▶ [Dataset records]:
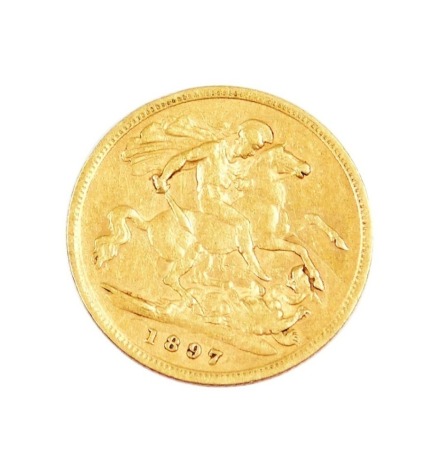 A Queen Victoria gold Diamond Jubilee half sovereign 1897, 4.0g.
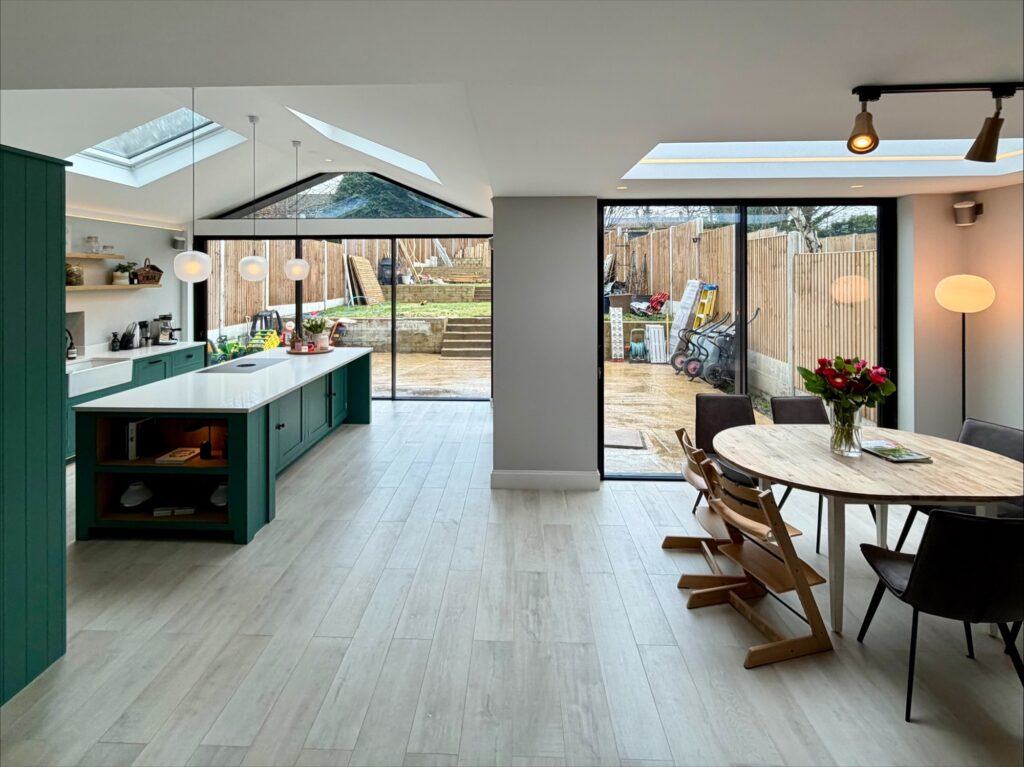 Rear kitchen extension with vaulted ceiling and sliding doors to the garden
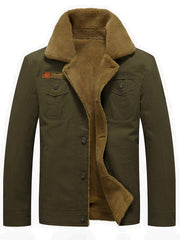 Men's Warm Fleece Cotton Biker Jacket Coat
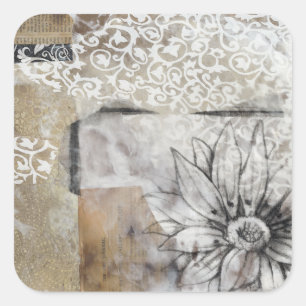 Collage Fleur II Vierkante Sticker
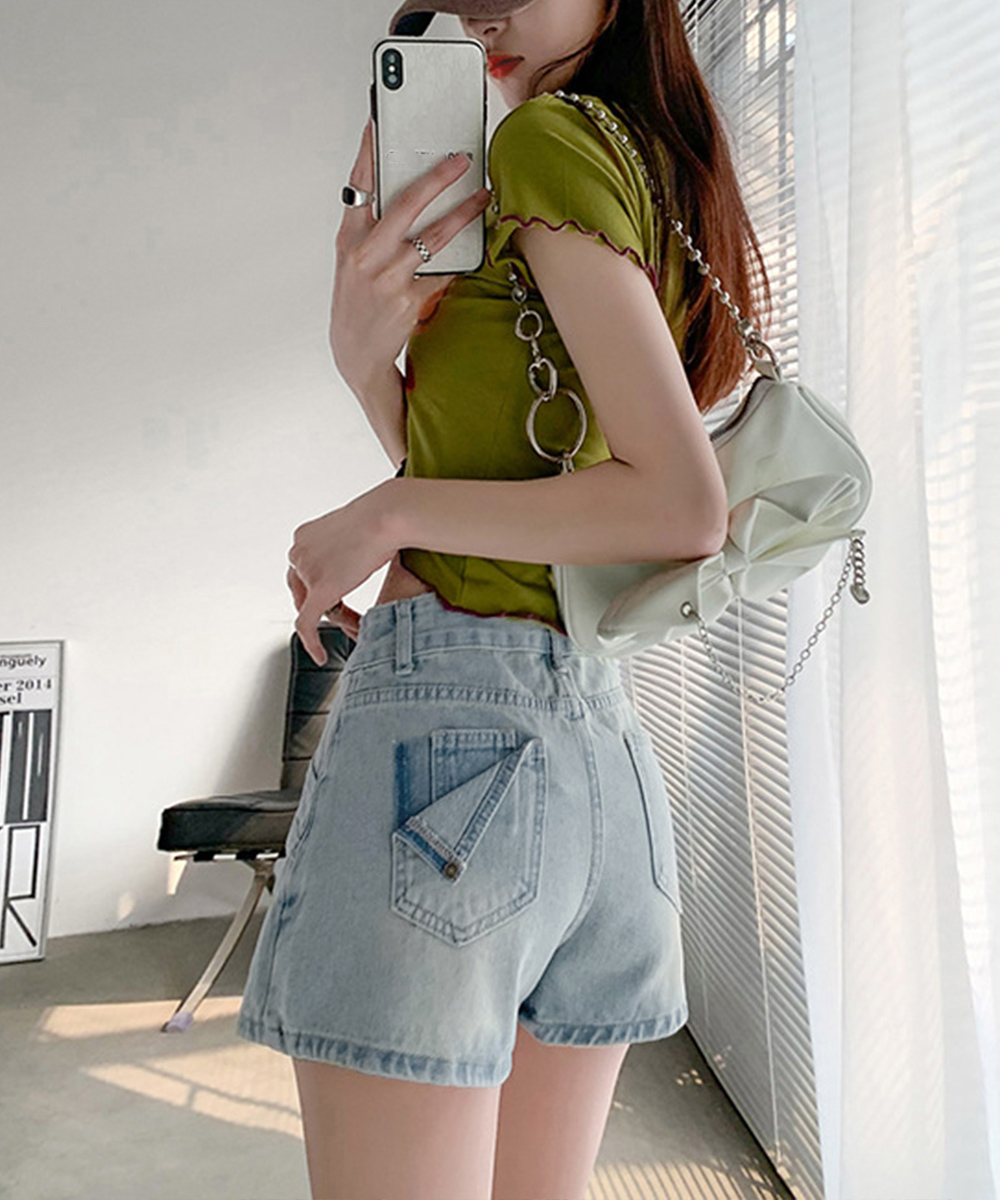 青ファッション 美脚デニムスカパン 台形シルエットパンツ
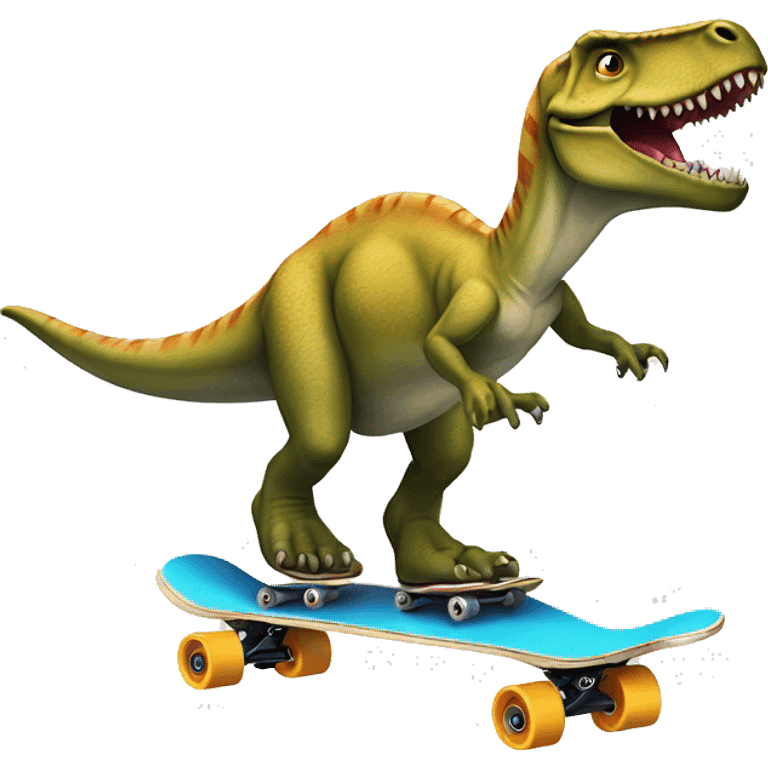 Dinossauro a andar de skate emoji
--
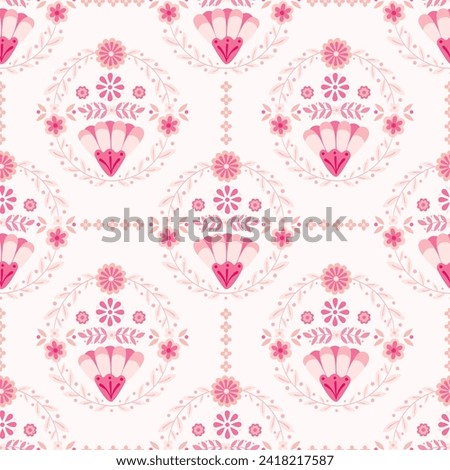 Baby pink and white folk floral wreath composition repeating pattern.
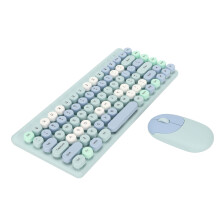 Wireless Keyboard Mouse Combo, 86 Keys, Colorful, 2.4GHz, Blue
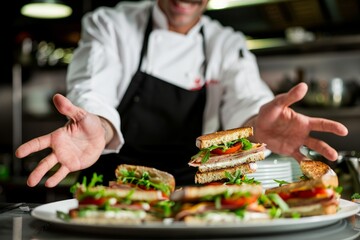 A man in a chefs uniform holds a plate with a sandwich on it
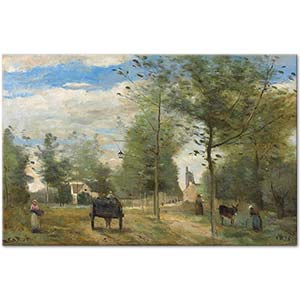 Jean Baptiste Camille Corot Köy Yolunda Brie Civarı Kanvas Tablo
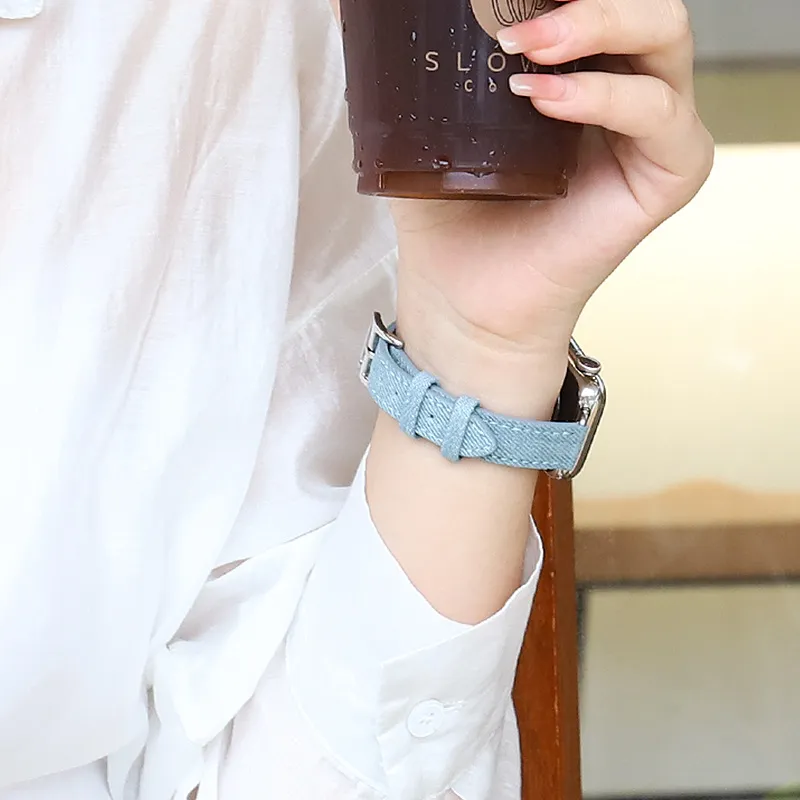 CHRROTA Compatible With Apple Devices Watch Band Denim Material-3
* * *
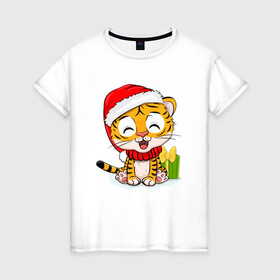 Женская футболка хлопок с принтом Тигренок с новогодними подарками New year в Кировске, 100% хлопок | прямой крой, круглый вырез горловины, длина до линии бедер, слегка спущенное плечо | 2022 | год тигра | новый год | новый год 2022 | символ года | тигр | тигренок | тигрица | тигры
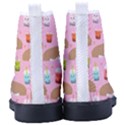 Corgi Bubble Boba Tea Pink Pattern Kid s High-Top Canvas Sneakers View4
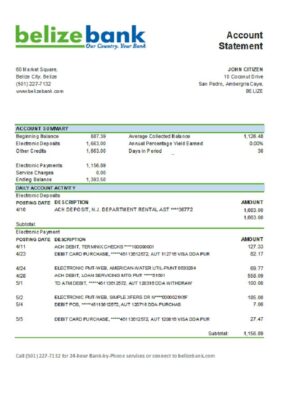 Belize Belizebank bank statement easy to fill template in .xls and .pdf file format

▶ [Work required]: Print, word for word, the lines above that run from the line containing "A Queen Victoria" to the line containing "Dinossauro a andar de skate emoji", both included. Keep the pictures out.

▶ [Output below]:
 A Queen Victoria gold Diamond Jubilee half sovereign 1897, 4.0g.
 Rear kitchen extension with vaulted ceiling and sliding doors to the garden
 Men's Warm Fleece Cotton Biker Jacket Coat
 Collage Fleur II Vierkante Sticker
 青ファッション 美脚デニムスカパン 台形シルエットパンツ
 Dinossauro a andar de skate emoji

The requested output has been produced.